Stacks of his number-books lay behind him on his bed. Why had he taken them into his bedroom? I had never before seen them anywhere but his table. A pigeon landed on his window ledge.

‘Would you?’ I asked again. The pigeon flew away.

He nodded. ‘When?’ His voice was unexpectedly high.

I thought it would be proper to name a time two days away, like ‘Tuesday afternoon.’ This was Friday, that would give me time to prepare. I didn’t have a pitcher; tea on Tuesday would give me time to find one. I could buy roses, mop the floor. I could take down or not take down the map of Holland. I could buy a dress. I could be prepared.

‘Right now,’ I said. ‘I was just going to make some. Won’t you come over?’

A horrible second passed, then he said, ‘I’ll be there in a few minutes. What’s your address?’

 

Three gold raps on the doorknocker. I peered out the peephole to see him with one daisy. I realized I was wearing army surplus pants and a stained pink shirt and opened the door. Amsterdam was tall, but the doorway loomed around him. He handed me his daisy. I thanked him, and put it in a vase.

I poured tea, offered him soymilk and sugar, watched him spoon one and one half teaspoons of sugar into his tea and a thin stream of milk.
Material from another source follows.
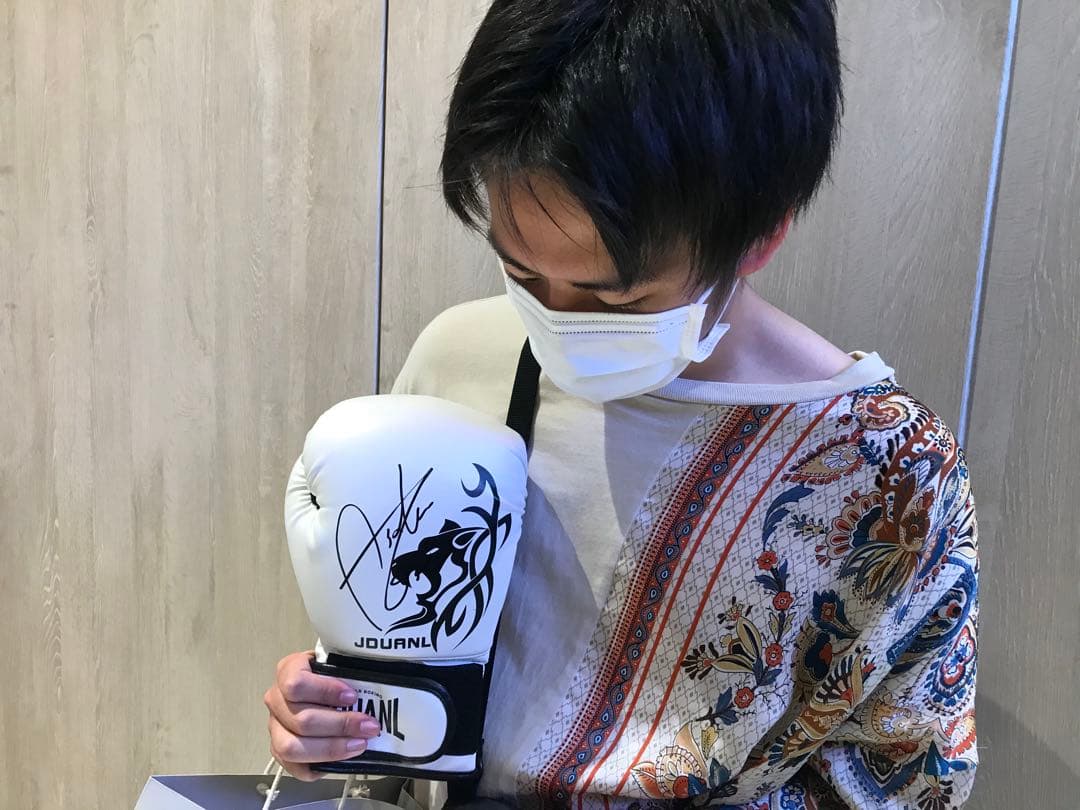 UFCファイター朝倉海選手の直筆サイン入りグローブ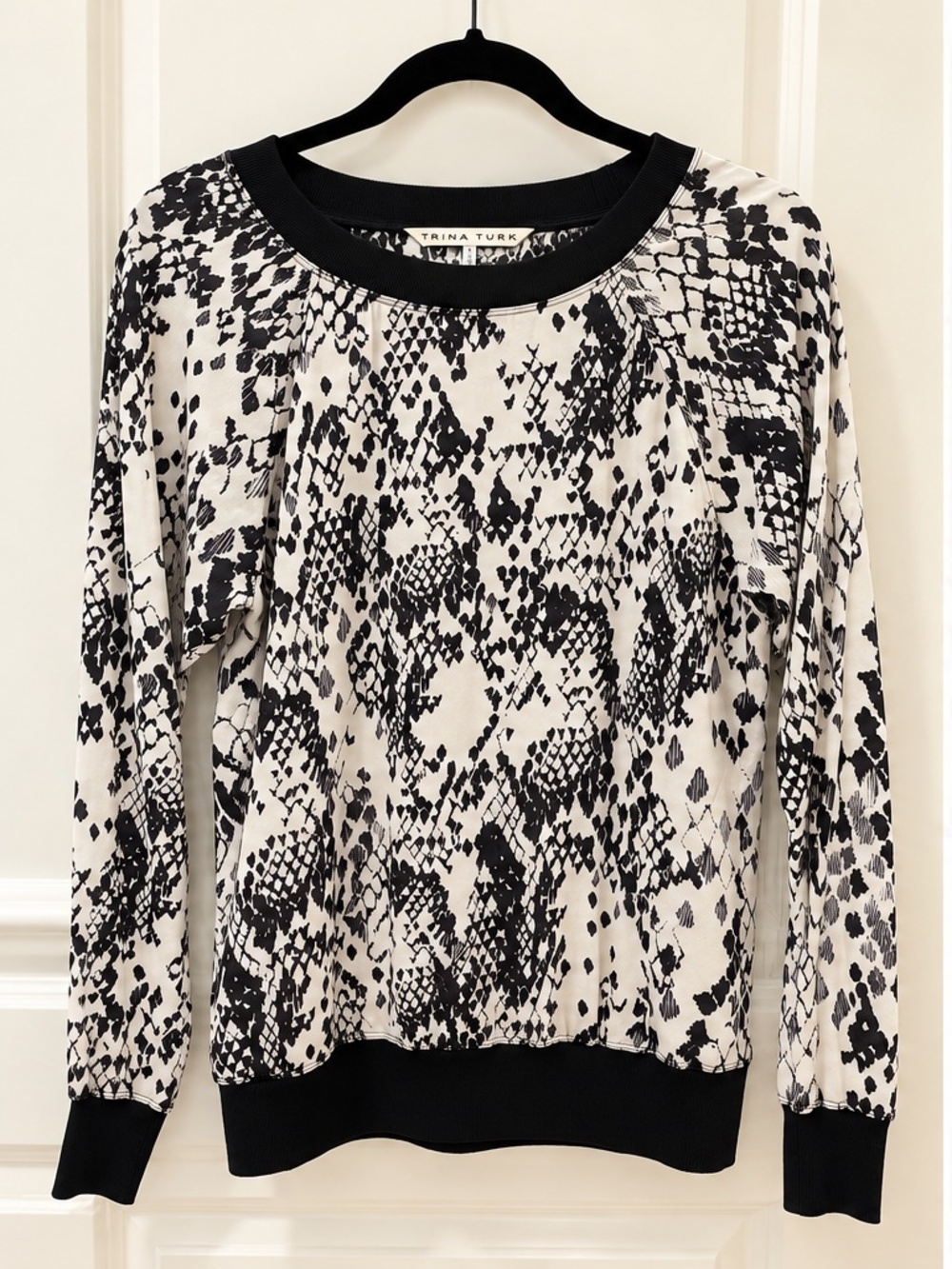 Trina Turk Black & Ivory Abstract Animal Print Pullover Top Size Small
I told him I broke a mirror as a child and cut my foot on the glass. I told him pigeons in Pittsburgh had redder feet.

I told him my doorknobs were cobalt and white ceramic but the one on the front door had been stolen. I told him I went to an architectural antique store and found paperweight doorknobs and replaced all of the knobs with them, except the front door, into which I bolted crystal. He looked at the map on the kitchen wall.

‘Do you like Holland?’

‘I’ve always wanted to go there,’ I told a theoretical truth. ‘Ever since I was little.’

‘I was born there, in Amsterdam.’

‘Yes I know,’ I said. ‘I mean, I thought so.’

A bee hit the window screen. It was spring, but I smelled wet leaves, cold. When I leaned my head closer, I smelled orange and clove and sandalwood.

I looked across to his lit rooms. On his dresser was a bottle of cologne that had not been there before and his globe was on his bed. I couldn’t tell which continent faced up.

I went to him, stood with my hipbone touching his shoulder blade. I cupped my hand over his shoulder; it was warm. He did not move, I did not move. We waited. I thought of us then, our feet on the earth, the earth spinning so fast.